China’s increasing repressiveness took another dark step over the weekend when it arrested and detained over 100 human rights lawyers and activists, branding them as criminals who organized disturbances and spread false online rumors. It is as preposterous as it sounds but the government doesn’t care. The strongly worded accusations mean the state is seriously intent on silencing the lawyers and activists.
These arrests were also the latest in a series of arrests of journalists, activists and academics that worsened last year. The arrests of the lawyers and activists took place across 15 provinces and major cities, starting with a Beijing law firm that has defended high-profile prisoners like Uyghur economist Ilham Tohti who was sentenced to life last year. The majority of them were released by Monday but the repercussions are still to be determined as the state will certainly follow up with heavyhanded measures that may include putting some of these lawyers on trial.
As if this wasn’t enough, there’s also a small matter of a stock market crisis that came to a head last week.
China also faced down a massive two-week drop in its stock markets last week with desperate measures, launching new rules and orders and measures to free up credit and investment. The Shanghai stock exchange had risen 150% since the beginning of the year, only to drop by 30% from the middle of June.
Nothing worked until the government made over 1,400 firms, up to half of all listed companies, stop trading while declaring an investigation on “malicious” short-sellers and having police visit the securities regulator. The authorities also ordered major shareholders to stop selling shares of their companies for 6 months and basically banned brokerages from selling shares while urging them to buy. All these measures worked because on Thursday the market (Shanghai and Shenzhen exchanges) rebounded by over 5%, then continued to rise Friday and Monday.
However, if you’re thinking that some of these moves don’t really make sense, such as ordering half the market to halt trading and preventing companies and traders from selling their shares, you are right.
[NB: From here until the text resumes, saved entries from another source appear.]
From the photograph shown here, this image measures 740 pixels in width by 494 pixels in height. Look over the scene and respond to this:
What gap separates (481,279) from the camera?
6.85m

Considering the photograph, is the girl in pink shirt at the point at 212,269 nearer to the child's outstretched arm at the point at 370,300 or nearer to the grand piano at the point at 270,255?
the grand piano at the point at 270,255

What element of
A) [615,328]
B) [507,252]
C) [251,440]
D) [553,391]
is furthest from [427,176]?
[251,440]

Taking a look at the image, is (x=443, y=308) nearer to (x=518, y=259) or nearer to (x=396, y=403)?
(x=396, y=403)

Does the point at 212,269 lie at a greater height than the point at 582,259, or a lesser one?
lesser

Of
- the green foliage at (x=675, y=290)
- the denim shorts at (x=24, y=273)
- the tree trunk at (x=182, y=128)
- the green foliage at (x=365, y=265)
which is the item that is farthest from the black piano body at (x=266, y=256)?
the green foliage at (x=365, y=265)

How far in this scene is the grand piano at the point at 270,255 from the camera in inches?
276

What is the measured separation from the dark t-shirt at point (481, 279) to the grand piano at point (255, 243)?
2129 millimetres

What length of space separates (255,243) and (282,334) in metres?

WSJ listed 5 peculiar (dodgy) things about the stock market meltdown.
The government’s intervention seemed effective but at a cost. The central government showed it has a lot of power in what they can do when they want and however they want. But with its almost daily intervention and desperation, it also showed it has little credibility.
It also doesn’t fix the problems with the stock market which had been rising rapidly since earlier this year despite overvalued stocks and companies with sketchy business operations and revenues.
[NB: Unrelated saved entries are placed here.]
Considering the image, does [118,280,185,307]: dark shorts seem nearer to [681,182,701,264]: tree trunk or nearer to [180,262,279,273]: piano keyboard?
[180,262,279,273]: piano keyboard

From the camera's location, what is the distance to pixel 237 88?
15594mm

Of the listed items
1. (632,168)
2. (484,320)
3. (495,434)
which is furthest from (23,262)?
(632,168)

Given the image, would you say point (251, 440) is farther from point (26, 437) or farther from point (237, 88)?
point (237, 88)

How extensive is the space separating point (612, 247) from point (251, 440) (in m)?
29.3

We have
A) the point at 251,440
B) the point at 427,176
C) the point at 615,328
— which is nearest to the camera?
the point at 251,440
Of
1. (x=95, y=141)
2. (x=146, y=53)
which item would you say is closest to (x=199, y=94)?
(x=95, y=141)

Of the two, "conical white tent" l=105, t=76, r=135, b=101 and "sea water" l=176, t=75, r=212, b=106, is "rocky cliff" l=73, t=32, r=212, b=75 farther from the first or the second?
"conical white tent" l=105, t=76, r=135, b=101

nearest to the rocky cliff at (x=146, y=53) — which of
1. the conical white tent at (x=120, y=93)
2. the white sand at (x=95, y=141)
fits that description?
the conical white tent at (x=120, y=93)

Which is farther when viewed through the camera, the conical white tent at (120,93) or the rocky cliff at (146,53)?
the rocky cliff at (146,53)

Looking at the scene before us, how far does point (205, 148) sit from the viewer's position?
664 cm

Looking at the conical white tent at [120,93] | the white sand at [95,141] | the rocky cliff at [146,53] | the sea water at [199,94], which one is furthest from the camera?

The stock drop also raised fears about China’s economy, with some people saying it was even worse than Greece’s continuing economic woes for the global economy. The truth is China’s economy is in trouble and the stock market crash would only exacerbate the problems, not cause them.
I know I criticize and complain about China a lot but going beyond personal bias, there are some really negative things going on in this country and the crackdown of over 50 lawyers and activists even at a time of serious economic problems really causes me to wonder about the near future.